2011-09-16 19:03:10 | Weblog

 マスコミはせっせと世論調査を行なっていますが、内閣が替わったばかりでの支持率/不支持率の調査、って、どんな意味があるのでしょうねえ。だってまだ何の“仕事”もしていないでしょ。「期待を持つ(持たない)=支持する(支持しない)」ではないと思うのですが。
 ちなみに私は、好きか嫌いかとその内閣がちゃんと仕事をいくらかでもしたかどうかの評価とは別の問題だ、と自分の中では処理しています。

【ただいま読書中】『スターリン謀殺』アブドゥラフマン・アフトルハノフ 著、 田辺稔 訳、 中央アート出版社、1991年、2136円(税別)

 ヒトラーがソ連に電撃戦をしかけた瞬間、スターリンは“敵前逃亡”をしました。引き籠もってしまい、何の反応もしなくなったのです(これは『フルシチョフ回顧録』で私も読みました)。そのとき右往左往する人の中で、唯一スターリンの所へ出かけていって「戦争の指導をするよう」勧めたのがベリヤでした。戦争中「ソ連」を実質的に動かしたのは、軍はジューコフ、内務人民委員部(政治警察)はベリヤ、党はベリヤとマレンコフでした。
 スターリンは、自分個人にだけ従う政治警察を組織していました。この「特別部」は、地方も中央も監視し、それがスターリンの「無限の権力」の源でした。側用人のように常にスターリンの側に存在するのは、陸軍中将ボスクリョーブイシェフと同じく陸軍中将ヴラシクでした。
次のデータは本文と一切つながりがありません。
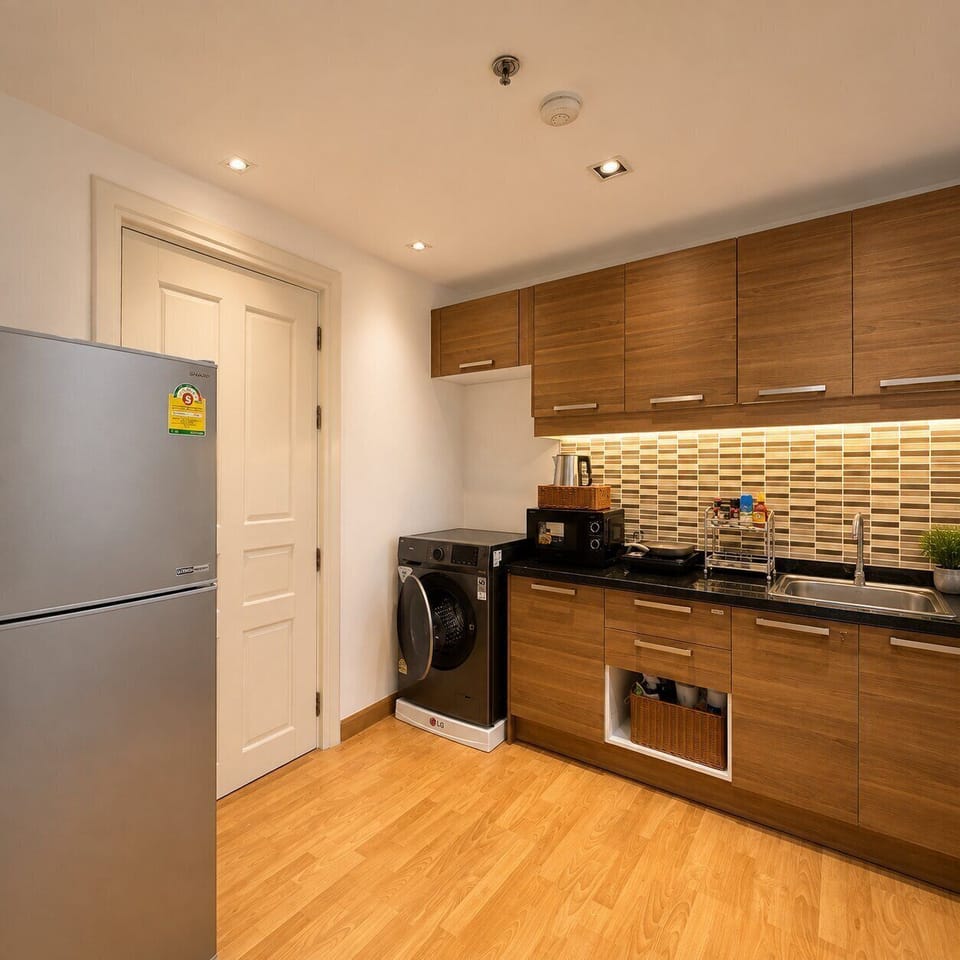 Modern kitchen with in-unit washer and sleek wood finishes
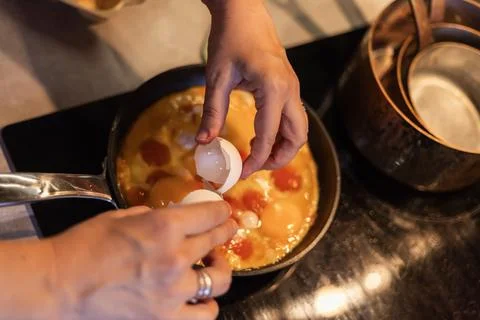 Hands cracking egg into frying pan with beaten eggs and yolk Stock Photos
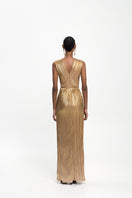 Maylé Vásquez ORO Maxi Dress featuring flowing fabric and elegant design, perfect for casual or formal occasions.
この二人を通さなければスターリンには面会もできませんでした。特にヴラシクは、無学な赤軍兵士がスターリンのボディーガードから中将まで登りつめた(そして、スターリンの死間近まで粛清されずに持ちこたえた)興味深いケースだそうです。
 そしてベリヤ。彼の経歴には謎も多いのですが、天才的な刑事の感覚と貪欲な立身出世主義、そしてスターリン(個人と彼が作ったシステム(側近たちがお互いを陥れる策謀に明け暮れていたら、協力してスターリンを陥れる策謀をする暇がない))に対する理解によって、ぐんぐんのし上がってきました。ただし、彼の通った道は血まみれだったのですが。
 スターリンはすべてを政治的に扱いました。言語学や経済や科学も。それは「誰がトップか」を明確にする作業でした。だからルイセンコ学説は「科学的に」ではなくて「政治的に」正しかったのです。
 粛清に次ぐ粛清が行なわれますが、その手がベリヤに届こうとしたときこれまでになかった“異変”が起きます。政治局員たちが団結したのです。1952年、スターリンの意向に逆らって中央委員会総会が開催され、スターリンにかわってマレンコフが政治報告を行ないます。これを著者は「機嫌を損ねたスターリンの“ボイコット”」と捉えています。党の第3位から第5位に降格されたベリアは、大演説をします。それはスターリン賛美に聞えますが、実はスターリンに対する挑戦でもありました(「党」をスターリンの上に置いているのです)。結果はベリヤの“勝利”でした。大会後彼はまた第3位に復活したのです。
 スターリンは最後の賭に出ます。もしも彼が好きなことができたら、また新たな粛清が行なわれたことでしょう。そしてそれが防止できたのだとしたら、それは当時のソ連で二番目に憎むべき人間、ベリヤの手柄、ということになります。ベリヤは権力の振るい方をスターリンに学び、そして“生徒”が“教師”を越えてしまったのです。そしてスターリンの“病死”についての謎。死因(本当に病死なのか、あるいは毒殺か)も謎ですが、そもそもいつどこで死んだのかも曖昧なのです。著者は様々な(相互には矛盾することもある)証言などから、四人組(フルシチョフ、ベリヤ、マレンコフ、ブルガーニン)の総意でスターリン排除が決定されベリヤがスターリンに毒を盛った、と推測をしています。そして、スターリンの死後、こんどは四人組の間で(命を賭けた)権力闘争が始まります。“負けた”者がすべての汚いことの責任を負ってあの世に行く闘争です。
 冷戦時代、赤の広場のパレードでバルコニーに並ぶ順番を見ることでソ連政府要人の序列を判定する、という作業が行なわれていました。クレムリン内部での暗闘は、そういった“結果”でしか見ることができなかったわけです。そこで私は二つのことを思います。一つは、そういった“暗闘の伝統”は、今のロシアにも引き継がれているのではないか、ということ。もう一つは、自由主義の国も、一見選挙などで“公開”されているようには見えますが、やはり同様の“暗闘”は行なわれているのではないか、ということ。この場合、「全部秘密だよ」と最初から言っている場合と「公明正大に明らかにやります」と言って実は秘密がたっぷりある場合と、どちらがわかりやすいのでしょう?